In fact, Schaeffer said that the individual meetings after the presentation led to promising conversations with innovators in his focus area of neuroscience.

“We connected with a number of scientists and entrepreneurs performing interesting research,” he says. “If even one of these meetings leads to a potential collaboration, it makes the whole trip worthwhile.”

Among the attendees at JJI’s presentation at JHTV were representatives from the Maryland Department of Commerce. In addition to better understanding how to collaborate with Johnson & Johnson Innovation, the event afforded them the opportunity to meet JJI representatives who specialize in areas where the Department of Commerce wants to make connections, says Bret Schreiber, senior director of the Maryland Department of Commerce’s Office of BioHealth and Life Sciences.
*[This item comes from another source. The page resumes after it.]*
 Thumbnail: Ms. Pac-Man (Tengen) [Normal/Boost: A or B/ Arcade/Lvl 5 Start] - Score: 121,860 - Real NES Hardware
Aside from the many pathways for collaboration that the event opened, Schreiber saw a positive from Johnson & Johnson Innovation coming to Johns Hopkins. It signals, he says, that the Johns Hopkins, Baltimore and Maryland innovation ecosystems are growing stronger.

“Johnson & Johnson is one of the world’s preeminent companies. From an innovation standpoint, their initiatives have been incredible,” Schreiber says. “To have an entity like Johnson & Johnson Innovation come to Johns Hopkins really signals to me that Maryland is moving from an emerging innovation ecosystem to an established one.”